Together, they founded Bird Window Strike PH (BWS PH), a citizen science project that collects data to study the occurrence of bird-window strikes across the country, and recommends solutions for Filipino homes. With the help of “citizen scientists” in Ateneo, UP Diliman and others across the country, it has logged 290 cases of bird strikes since 2017.
They found that 60 percent of the cases led to deaths, and that inexperienced, young birds were more susceptible to collisions.
“It happens so much more often than we think. It might happen in your window once, but multiply that by how many houses exist,” Castro said in an interview via Zoom from New Zealand, where she is pursuing a master’s degree in science communication.

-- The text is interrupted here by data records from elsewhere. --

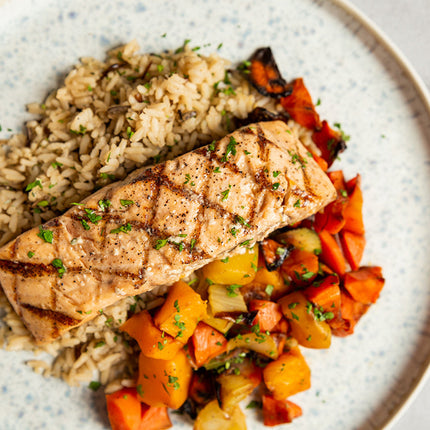 Grilled Atlantic Salmon Fillet in Smoky Maple Butter Dinner Kit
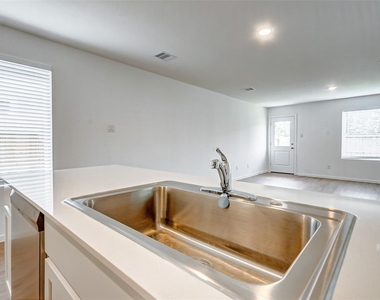 21535 Carosella Drive - Photo Thumbnail 9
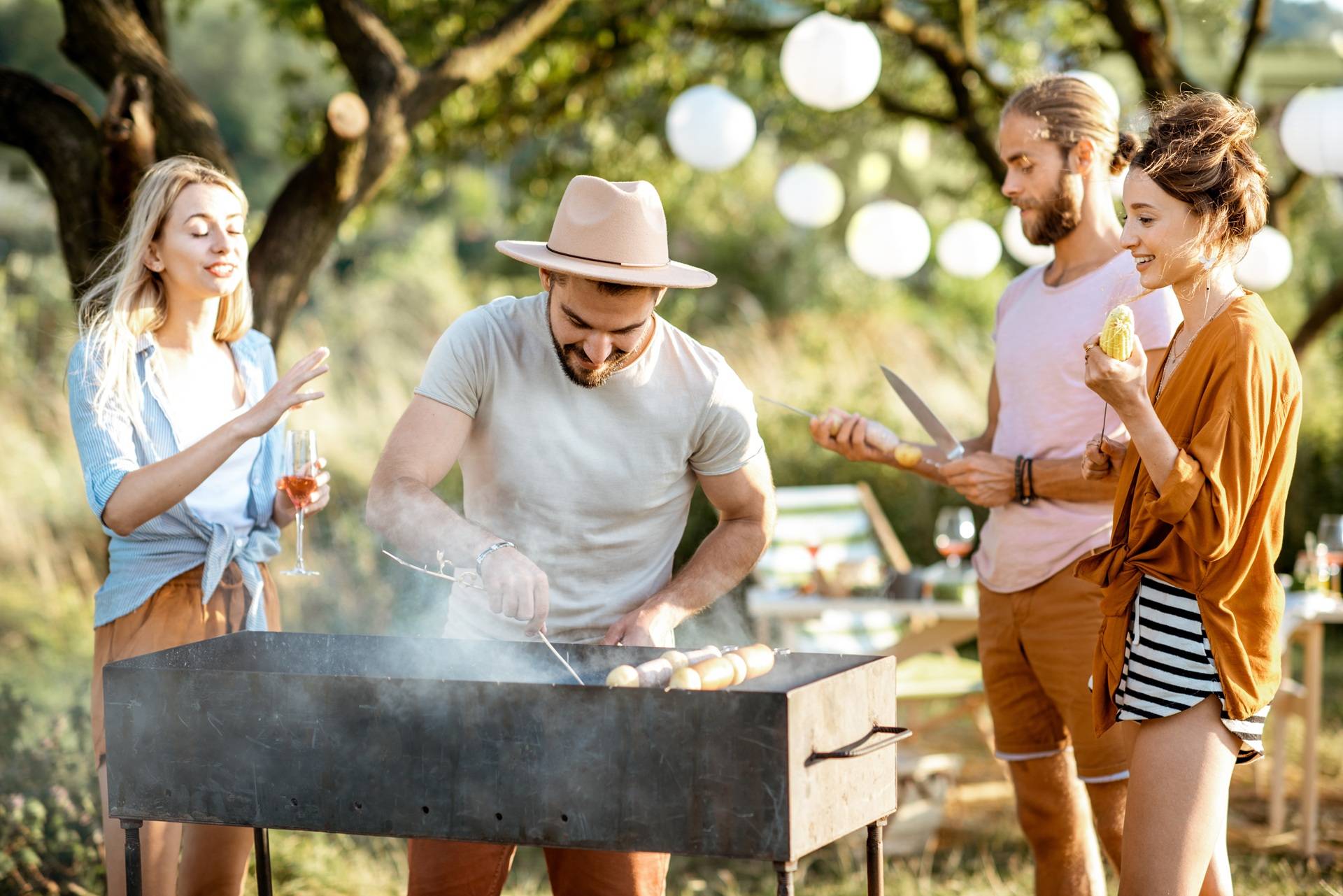 Menschen beim Grillfest im Freien | Sonnensegel für Terrasse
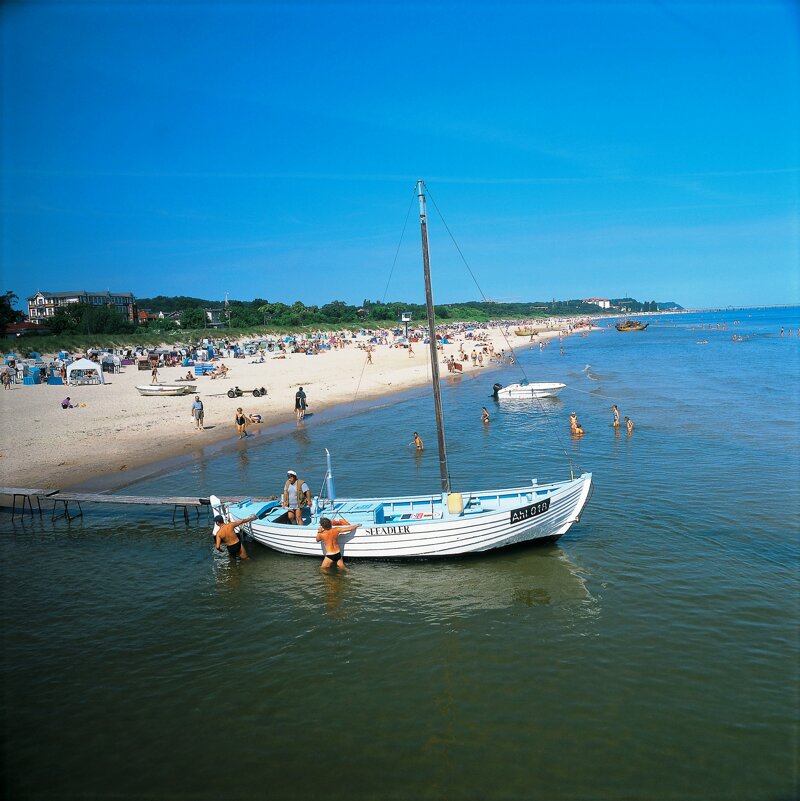 Segelboot am Strand der polnischen Ostsee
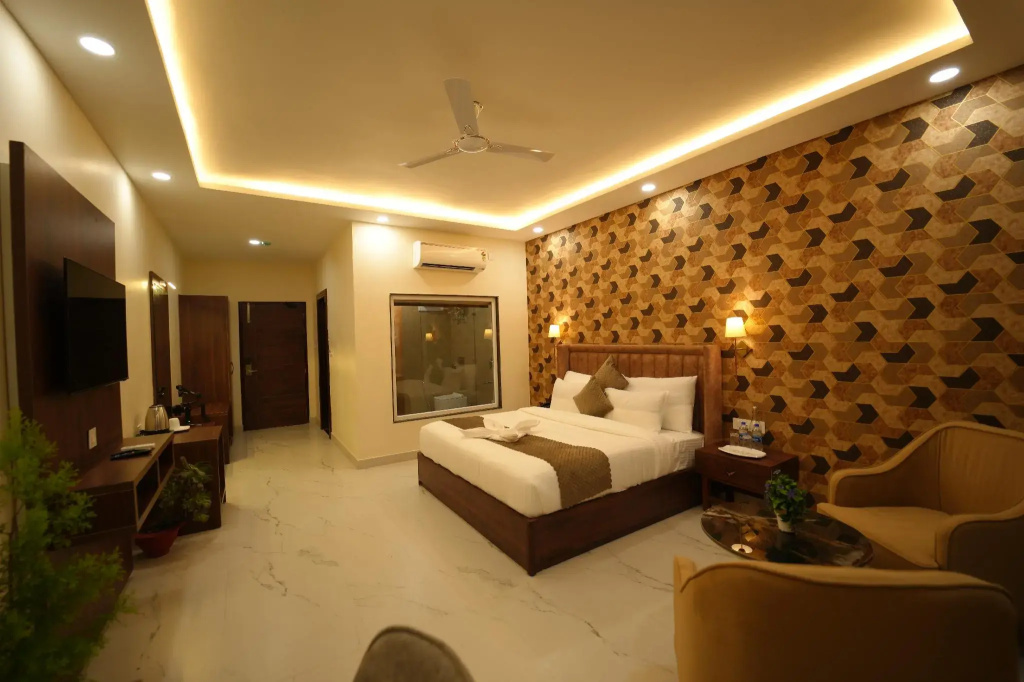OYO 12079 Hotel Manu Vinod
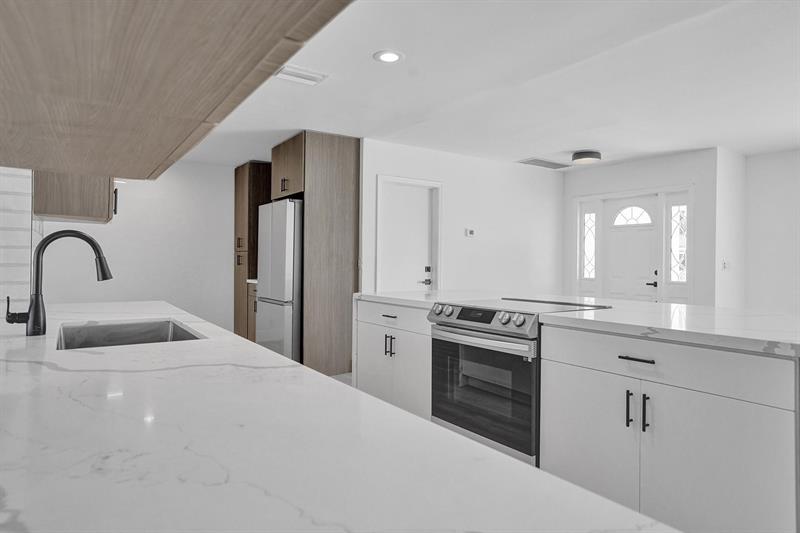 Image 12 of 46 For 4751 29th Ave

Many more cases might have gone unnoticed because the bird survived and flew away, was eaten by predators like cats or snakes, or was hidden or too small to be noticed, according to the researchers.
“We had one incident before: when we retrieved the carcass, the bill crossed because of the impact. The beak bent. It was obviously going fast, and the neck was, of course, broken,” Gan said.
The barbet Castro found on the Ateneo campus in 2017 is one of the “supercollider” species which are more often reported to hit windows than others. Other supercolliders are kingfishers and pittas.
But a third of the reported incidents involved doves and pigeons.
“Most of them (doves) don’t make it because they fly so quickly. They’re such a gorgeous bird, it’s sad to see that many of them collide,” Gan said. “And it’s not unusual. I think in Singapore, it’s also one of their more common birds that collide.”
As modern cities take over forest patches with gleaming high-rises, more birds become vulnerable to collisions with windows.
‘Low-hanging fruit’
Birds are “natural planters.” They play an important role in the dispersal of tree seedlings and forest regeneration, migrating through countries, such as the Philippines. But some die in the concrete jungle.
“These [migratory] birds that fly, they travel so far only to get here and hit the windows. That’s so sad,” Gan said.
In February, BWS PH held a pop-up exhibit, “Making the Invisible Visible,” at the UP Diliman College of Science to call public attention to the common phenomenon.
Solutions to addressing bird collisions are “low-hanging fruit” and inexpensive, the researchers said, citing the idea of “breaking up the reflection” by the nonprofit American Bird Conservancy.
Windows can be blocked or their parts covered with tinted glass, stickers, ropes and mesh. To break the reflection, they can also be painted over, they said.
If one stumbles on a case of a bird strike, he should place the bird in a dark box in a quiet area, and not to feed it to prevent choking.
If the bird gets well in a few hours, it can be released in the area it was found. Otherwise, it should be immediately brought to a veterinarian in a wildlife rescue center.
If the bird dies, its remains can be wrapped in plastic and turned over to research centers, complete with information about the incident.